Humid environments and stress are oftentimes the triggers for a dyshidrotic flare-up. However, a fungal infection can be to blame as well. Corticosteroids and anti-fungal ointments are commonly prescribed treatments for dyshidrotic eczema. Professionals also emphasize maintaining personal hygiene and avoiding known triggers if possible.

According to Gil Yosipovitch, M.D., a dermatologist and professor, dyshidrotic eczema can have a more negative mental impact than other types of eczema — since it's harder to hide. "It can affect social interactions — you may not want to shake hands, for example," he explains to the National Eczema Association. As it can take a toll on the patient's mental health, it's imperative to find an effective self-care routine.

Discoid eczema

Otherwise known as nummular eczema, discoid eczema is a particular type of chronic eczema that manifests itself through coin-shaped patches of irritated skin. As per the NHS, it mostly starts with fewer, smaller spots that quickly multiply, forming larger patches of dry, itchy skin. While it is possible to only get a single patch, it's more common to have multiple ones. Nummular eczema can manifest anywhere on the body, but usually does not affect the head. As with many other types of eczema, the cause of discoid eczema is unfortunately unknown — which limits its treatment.

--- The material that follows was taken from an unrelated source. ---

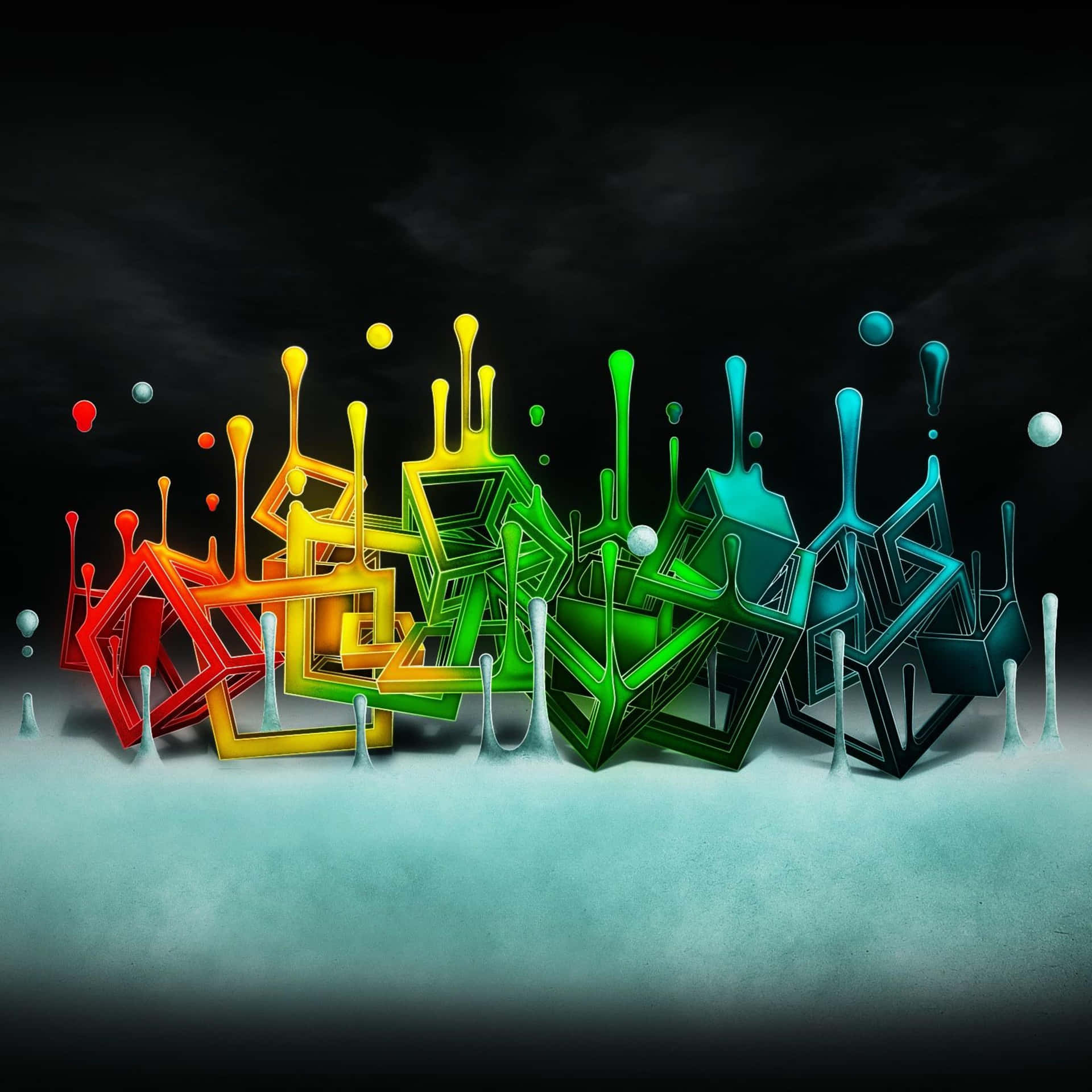 Abnormal Art Cubes Background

Relieving symptoms is about as far as treating the condition goes. Depending on the severity of your ailments, the doctor may prescribe you corticosteroids and antihistamines. On your own, make sure to moisturize the affected areas as often as you can without excessive rubbing, which could further irritate the skin. Even though they won't directly affect discoid eczema, consider taking vitamins that can improve dry skin. If not treated, the condition may worsen and linger for years.

Varicose eczema

Eczema of the lower legs is a chronic condition that affects people with varicose veins. Varicose veins are caused by weak vein valves and can lead to varicose eczema if not treated properly and on time. The JAMA Network lists swollen and itchy, discolored skin, as well as overall skin dryness and pain after prolonged periods of sitting as symptoms. It mostly affects older individuals.

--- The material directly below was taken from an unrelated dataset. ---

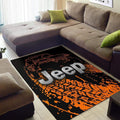 Jeep Orange Rectangle Rug TN1607261639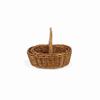 Set of 3 Oval stained willow baskets with braided handle view 4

As the cause of varicose eczema is varicose veins, treatment includes many of the same actions one would usually take to improve the state of the latter. These include wearing compression socks, avoiding crossing the legs when sitting, and moving your body to stimulate blood flow in the legs. The skin condition itself is usually treated with corticosteroids and specialized ointments, as with other types of eczema. When left untreated, symptoms of both will worsen over time and may even cause a deep infection. While varicose veins and eczema themselves won't kill you, they can lead to complications that can. If you suspect you have this condition, reach out to your doctor right away.